WASHINGTON — Sen. Elizabeth Warren called for a probe Tuesday following a claim that Tesla and SpaceX CEO Elon Musk curbed a Ukrainian military operation aimed at Russia’s Black Sea fleet last year by limiting access to SpaceX’s Starlink satellite network, a report said.
“Congress needs to investigate what’s happened here, and whether we have adequate tools to make sure foreign policy is conducted by the government and not by one billionaire,” Warren, D-Mass., said Monday, according to Bloomberg.
CNBC has reached out to Warren’s office to confirm the statement.
The call for an investigation stems from an excerpt released last week from biographer Walter Isaacson’s book titled “Elon Musk,” in which the author details how a Ukrainian drone sneak attack on the Russian fleet was disrupted by a disconnect from Starlink. The book was released on Tuesday.
In an interview with CNBC’s “Squawk Box,” Isaacson further elaborated on the excerpt from the biography that triggered alarm bells in Washington, among NATO allies and the Ukrainian capital.
Isaacson said developing a military-grade version of Starlink will help resolve concerns expressed by Tesla and Musk regarding the satellite networks’ use in combat.
“Let us have a certain number of Starlink services and then later a more military version where we get to control it,” Isaacson said on “Squawk Box,” describing a discussion between Musk and the U.S. government.
“Elon Musk said, ‘yes,’ and that’s the right outcome,” Isaacson added.
Crimea, a peninsula that Russia illegally annexed from Ukraine in 2014, is home to Russia’s Black Sea fleet. In the days following the Ukraine invasion in February 2022, those ships fired missiles on Ukrainian coastal cities while setting up a naval blockade.
A top aide to Ukraine President Volodymyr Zelenskyy slammed Musk after the biography revelation last week.
“By not allowing Ukrainian drones to destroy part of the Russian military fleet via Starlink interference, Elon Musk allowed this fleet to fire Kalibr missiles at Ukrainian cities,” Mykhailo Podolyak wrote Thursday on social media after CNN reported on some of the details from Isaacson’s book.
“As a result, civilians, children are being killed. This is the price of a cocktail of ignorance and big ego,” he added on X, formerly known as Twitter. Musk bought Twitter last year.
This photograph taken on September 25, 2022, shows an antenna of the Starlink satellite-based broadband system donated by the US tech billionaire Elon Musk in Izyum, Kharkiv region, amid the Russian invasion of Ukraine.
Yasuyoshi Chiba | AFP | Getty Images
Musk said in an X thread on Thursday evening that the connectivity policy for that area was already active before the attack: “The Starlink regions in question were not activated. SpaceX did not deactivate anything,” he wrote.
“Both sides should agree to a truce. Every day that passes, more Ukrainian and Russian youth die to gain and lose small pieces of land, with borders barely changing. This is not worth their lives,” Musk added.

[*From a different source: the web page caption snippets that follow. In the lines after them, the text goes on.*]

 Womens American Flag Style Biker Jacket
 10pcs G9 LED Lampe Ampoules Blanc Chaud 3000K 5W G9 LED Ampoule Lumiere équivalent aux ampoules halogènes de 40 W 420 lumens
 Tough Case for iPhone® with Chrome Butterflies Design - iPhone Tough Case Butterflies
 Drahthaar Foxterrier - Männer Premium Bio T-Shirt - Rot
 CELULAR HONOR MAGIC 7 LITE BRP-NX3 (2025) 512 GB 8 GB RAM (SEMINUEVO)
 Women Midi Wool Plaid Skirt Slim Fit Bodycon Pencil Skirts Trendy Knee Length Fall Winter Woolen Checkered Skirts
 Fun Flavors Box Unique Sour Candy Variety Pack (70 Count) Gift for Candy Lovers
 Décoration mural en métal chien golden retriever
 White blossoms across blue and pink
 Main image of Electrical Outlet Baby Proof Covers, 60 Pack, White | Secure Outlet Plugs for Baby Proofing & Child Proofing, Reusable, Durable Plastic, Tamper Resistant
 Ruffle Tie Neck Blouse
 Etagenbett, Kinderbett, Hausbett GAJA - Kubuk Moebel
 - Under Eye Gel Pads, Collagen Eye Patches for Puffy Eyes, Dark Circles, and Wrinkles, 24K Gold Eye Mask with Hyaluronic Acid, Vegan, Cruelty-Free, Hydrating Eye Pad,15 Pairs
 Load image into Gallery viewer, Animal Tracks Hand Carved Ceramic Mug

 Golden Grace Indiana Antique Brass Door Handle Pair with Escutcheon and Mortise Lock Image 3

‘Starlink was not meant to be involved in wars’
Ukraine received Starlink terminals in the early days of the invasion. The country’s digital minister, Mykhailo Fedorov, asked Musk for the capability and shared a post on social media when the units arrived in Ukraine.
In Ukraine, Starlink and its global network of more than 4,000 satellites have worked as the connective tissue for crucial battlefield communications.
According to Isaacson’s book, the South African-born billionaire asked, “How am I in this war?”
“Starlink was not meant to be involved in wars. It was so people can watch Netflix and chill and get online for school and do good peaceful things, not drone strikes,” Musk said, according to the book.
Isaacson reported in “Elon Musk” that his subject was worried the Ukrainian attack on Russian vessels in the Black Sea would provoke the Kremlin into launching a nuclear war.
“I think if the Ukrainian attacks had succeeded in sinking the Russian fleet, it would have been like a mini-Pearl Harbor and led to a major escalation,” Musk said, according to Isaacson.
“We did not want to be a part of that,” Musk said.